Here are our 10 protection tips to put in place:
- Make your employees aware of their own security and, by the same token, that of the company. Connected objects are no exception.
- Take responsibility. Customers should evaluate the security of the products they buy and check the standards, and make sure that the object they buy does not have any potential vulnerabilities. Choose items that have been proven to work, so they have been updated many times.
- Check secure settings before connecting a device to the network, e.g. make sure that external ports are disabled, that the guest Wi-Fi network and your IOT in general is off the main network.
- Remember to remove obsolete or unused objects from the network.
- Change passwords regularly, and have a multi-factor authentication.
- Think about encrypting your exchanges, use secure channels.
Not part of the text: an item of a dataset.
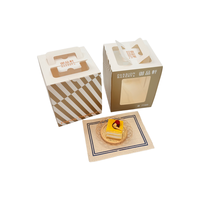 Boîte cadeau de luxe pour gâteaux avec fenêtre, boîte en papier de qualité alimentaire avec logo personnalisé en relief, emballage de boulangerie pour gâteaux, pâtisseries, biscuits, cadeaux de fêtes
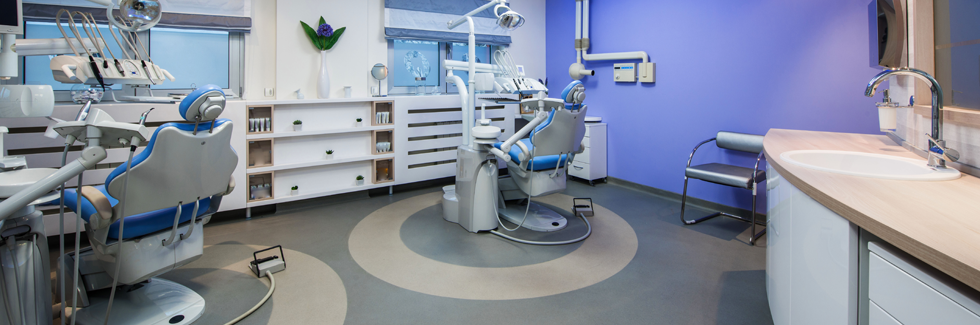 Two dental chairs and equipment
Depending on your IOT, use a secure VPN.
- Do not store your data on the device, prefer a secure location.
- Apply the patches available to IoT, keep your connected object up to date with the latest versions.
- Avoid unofficial application stores and limit application permissions.
- Protect your IoT with appropriate technologies. Have a reliable security solution, such as the TEHTRIS MTD technology that protects your smartphones. TEHTRIS MTD is a solution for fighting threats on mobile devices, to prevent them from being the gateway to your entire network. Our technology can detect abnormal behavior and raising different types of alerts.
For more information about protecting your connected devices, you can visit these websites
The level of security requirements is changing
Internet of Things (IoT) devices are among the least secure connected machines, but they are also becoming ubiquitous in our lives, so their security should not be overlooked. Manufacturers have understood this and are becoming more and more vigilant. Companies are also taking the measure of the danger of these objects for their structure.
Finally, regulations have evolved, the European Telecommunications Standards Institute (ETSI) has established cyber security standards to protect users of smart devices, and new laws are strengthening requirements for manufacturers to protect both consumers and organizations.